**Problem to work on**
Starting with the line that contains "Cleste instalator suedez", copy every line through the end of the listing, exactly and only those. No pictures should appear in the copy.

-------- Task input --------

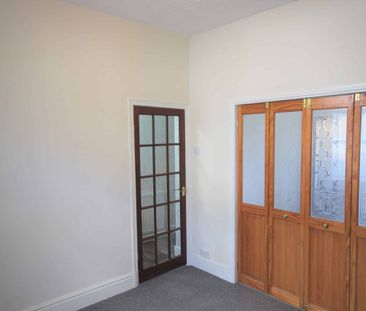 Windsor Street - Photo 6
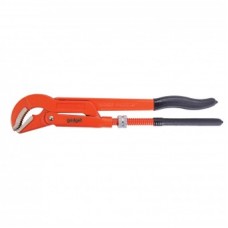 Cleste instalator suedez prindere 1 tol cap inclinat 45 de grade GADGET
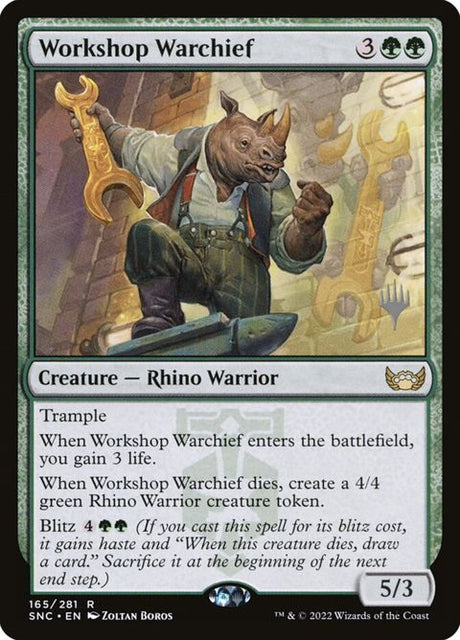 165p-workshopwarchief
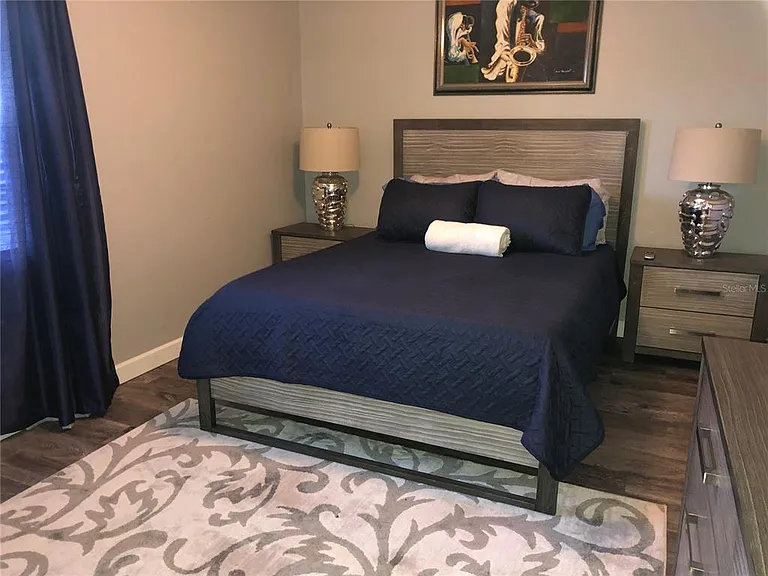 4611 W North B St #236 — Photo 15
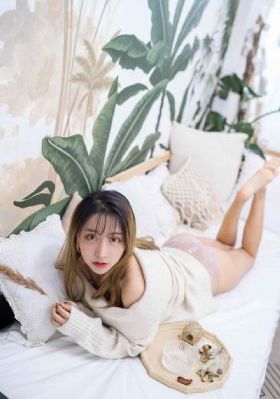 久久动漫第一页_HD日韩免费观看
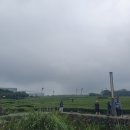 제주항공우주호텔오름 이미지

--------

**Completed exercise**
 Cleste instalator suedez prindere 1 tol cap inclinat 45 de grade GADGET
 165p-workshopwarchief
 4611 W North B St #236 — Photo 15
 久久动漫第一页_HD日韩免费观看
 제주항공우주호텔오름 이미지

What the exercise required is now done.